◆ **RECORD SET**
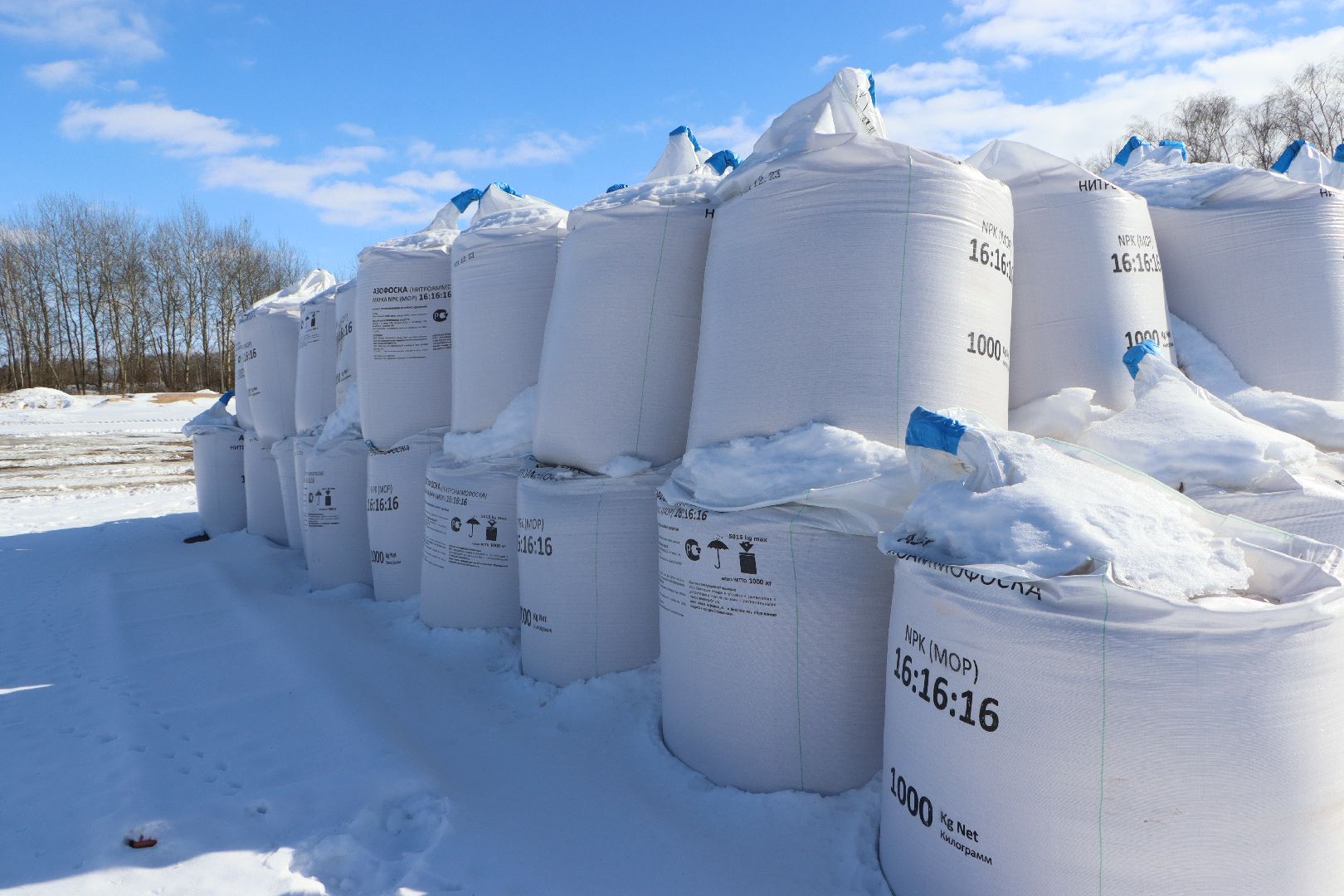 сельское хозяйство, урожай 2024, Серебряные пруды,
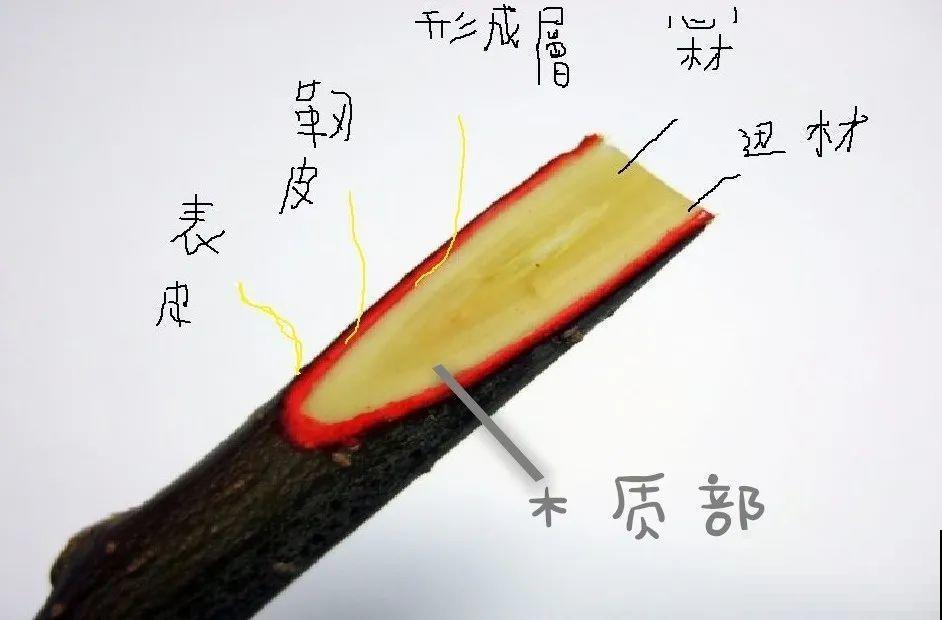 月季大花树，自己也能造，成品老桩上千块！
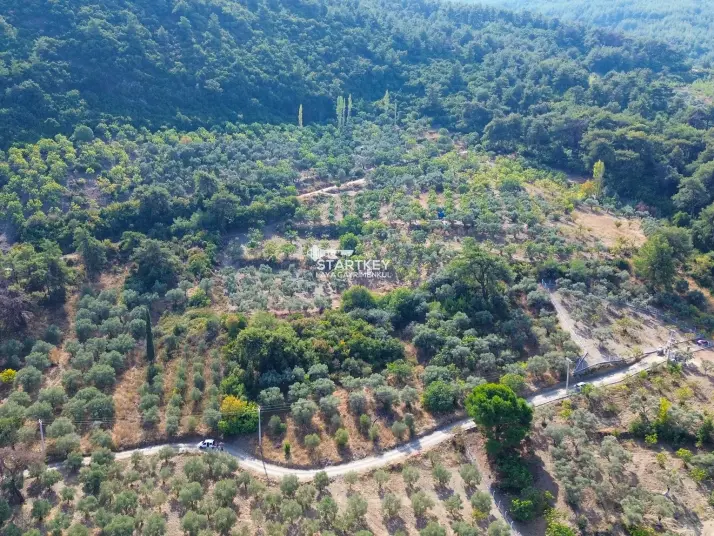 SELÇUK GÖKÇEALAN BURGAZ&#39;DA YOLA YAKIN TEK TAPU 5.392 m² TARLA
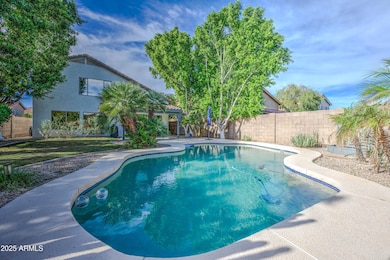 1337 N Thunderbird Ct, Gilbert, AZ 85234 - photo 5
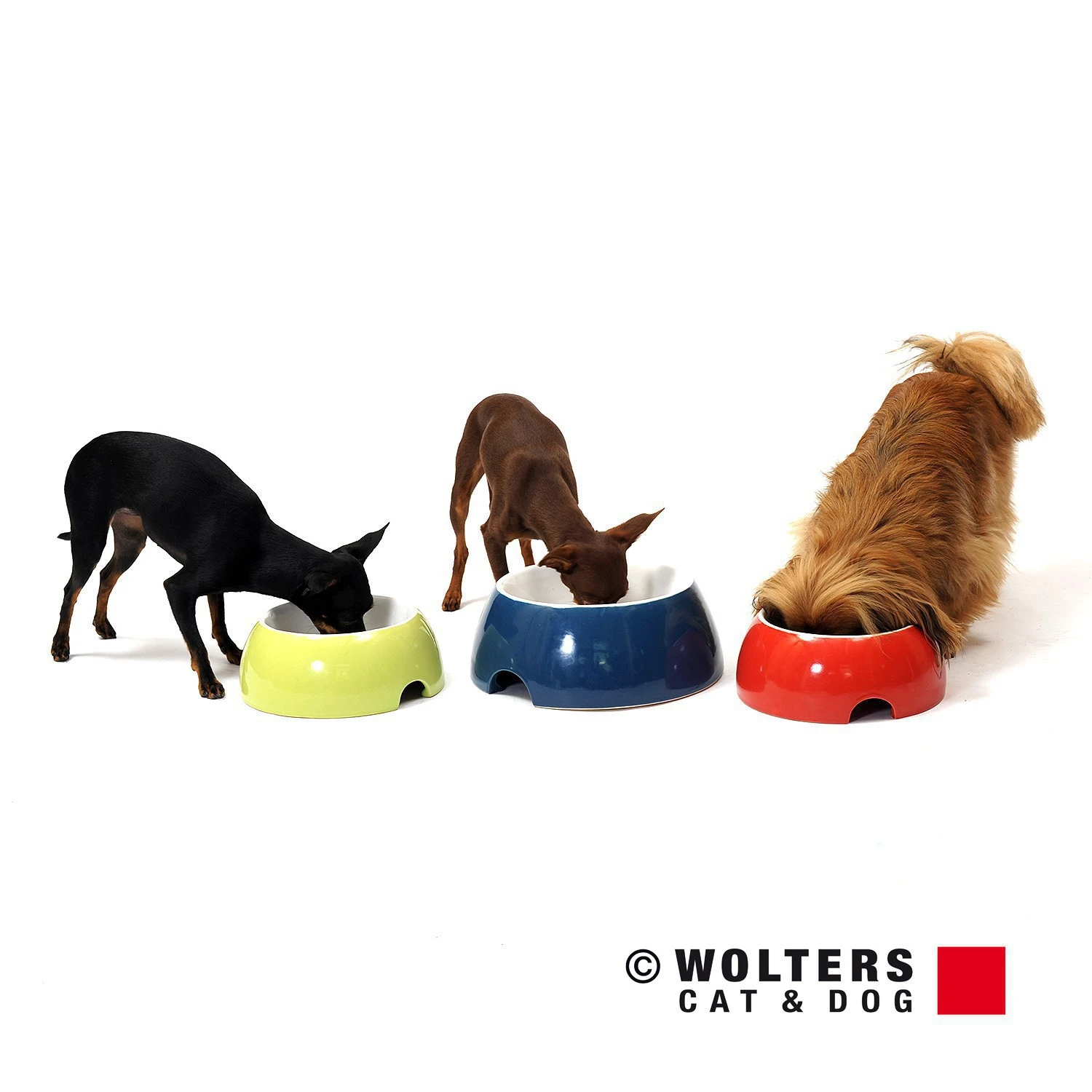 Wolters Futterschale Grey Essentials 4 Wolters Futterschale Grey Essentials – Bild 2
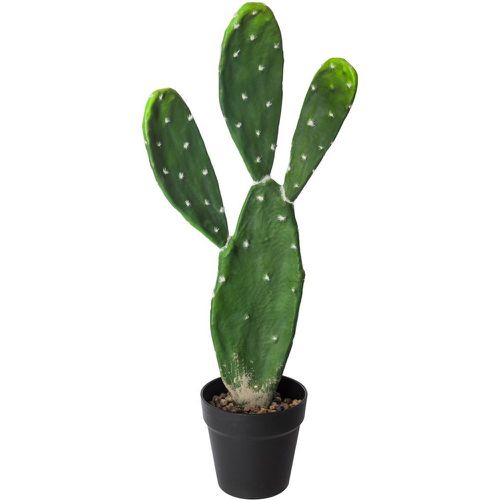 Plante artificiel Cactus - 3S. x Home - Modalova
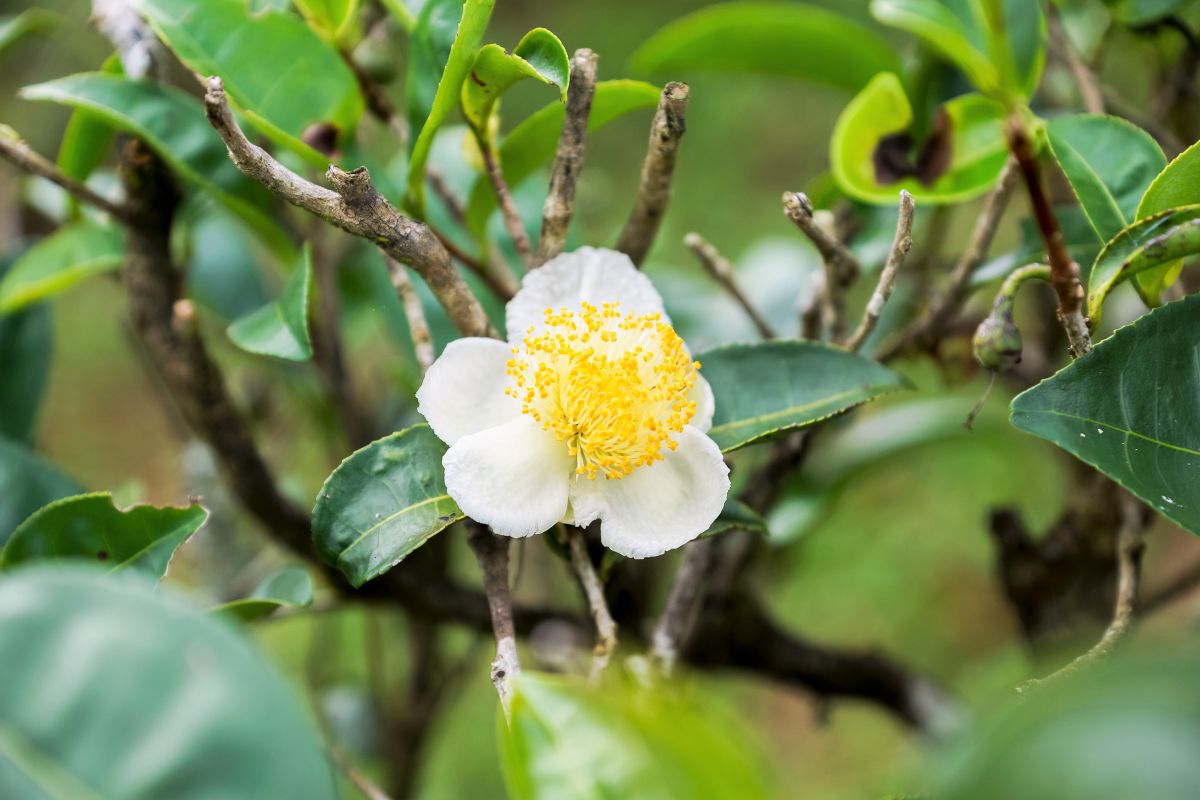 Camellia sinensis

---

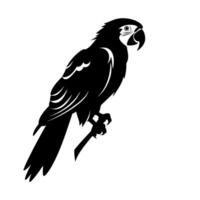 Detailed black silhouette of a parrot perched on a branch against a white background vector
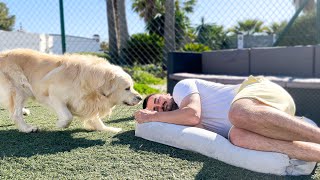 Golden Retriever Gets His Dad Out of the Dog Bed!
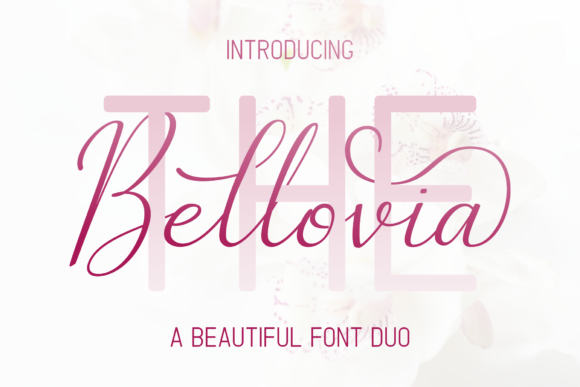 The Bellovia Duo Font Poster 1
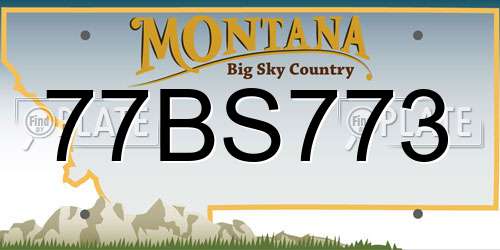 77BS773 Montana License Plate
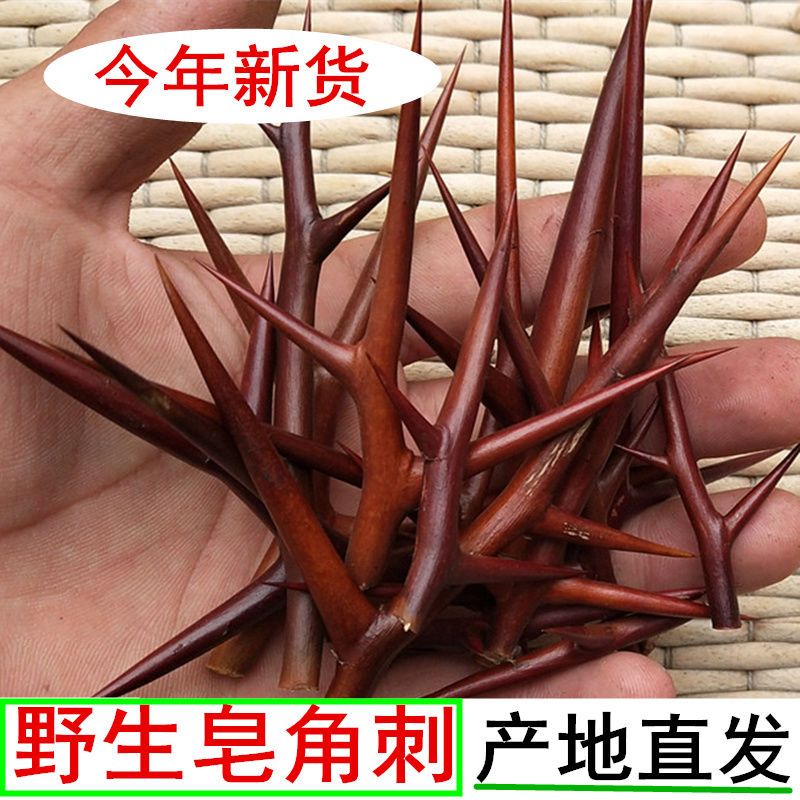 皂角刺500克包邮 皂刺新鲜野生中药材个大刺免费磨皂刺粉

◆ **EXERCISE**
Take the entries above and copy exactly the lines starting at the one with "сельское хозяйство, урожай" and ending at the one with "Camellia sinensis"; nothing outside that span, and no pictures.

◆ **ANSWER FOR THE TASK**
 сельское хозяйство, урожай 2024, Серебряные пруды,
 月季大花树，自己也能造，成品老桩上千块！
 SELÇUK GÖKÇEALAN BURGAZ&#39;DA YOLA YAKIN TEK TAPU 5.392 m² TARLA
 1337 N Thunderbird Ct, Gilbert, AZ 85234 - photo 5
 Wolters Futterschale Grey Essentials 4 Wolters Futterschale Grey Essentials – Bild 2
 Plante artificiel Cactus - 3S. x Home - Modalova
 Camellia sinensis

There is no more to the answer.